OSTEOCYTE DEATH: A BEACON FOR TARGETED REMODELING

It has been long proposed that the osteocyte network continually compares present mechanical strains to usual levels of strain, and triggers signals to osteoclasts or osteoblasts resulting in bone loss or gain, as needed. Whereas physiological levels of mechanical stimulation maintain bone mass, too low or too high levels of strain induce bone resorption. One mechanism by which osteocytes may trigger bone resorption is by undergoing apoptosis. Either low or high levels of mechanical loading lead to increased prevalence of osteocyte apoptosis, which temporally precedes and is spatially associated with osteoclast recruitment and the subsequent increase in bone resorption.1,2 Moreover, a cause and effect relationship between osteocyte death and bone resorption has been recently demonstrated.
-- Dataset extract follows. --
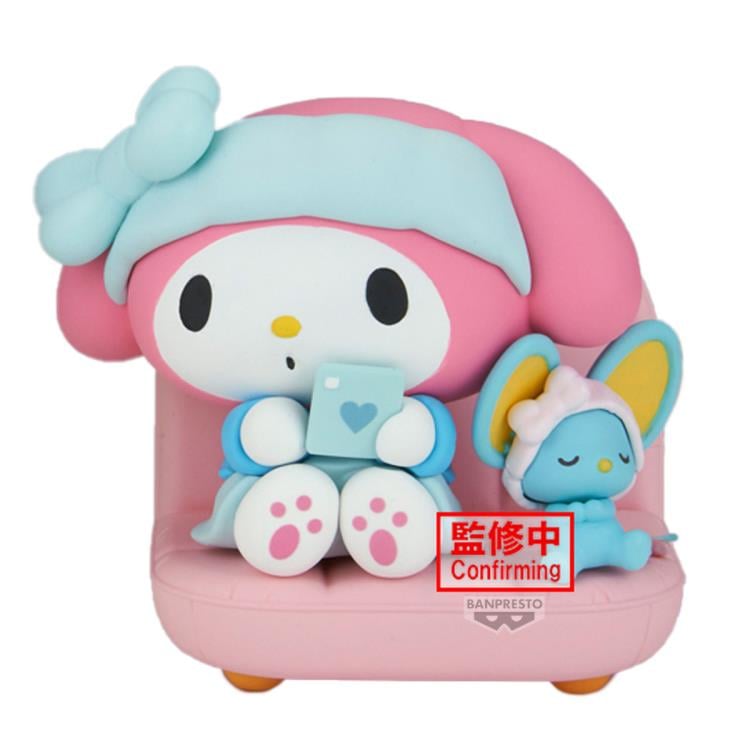 Sanrio Nakayoshi Memories Relaxing Time at Home My Melody Figure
Using a transgenic mouse model of inducible osteocyte ablation, Tatsumi et al.3 show that osteocyte apoptosis is sufficient to trigger osteoclast recruitment and bone resorption. Moreover, the normal osteoclastogenic response to unloading is missing in bones from osteocyte-depleted mice, confirming that osteocytes are indispensable for the skeletal adaptation to weightlessness. Because osteocyte apoptosis is inhibited not only by mechanical stimulation but also by estrogens and bisphosphonates, these findings raise the intriguing possibility that preservation of osteocyte viability contributes to the anti-remodeling properties of these agents.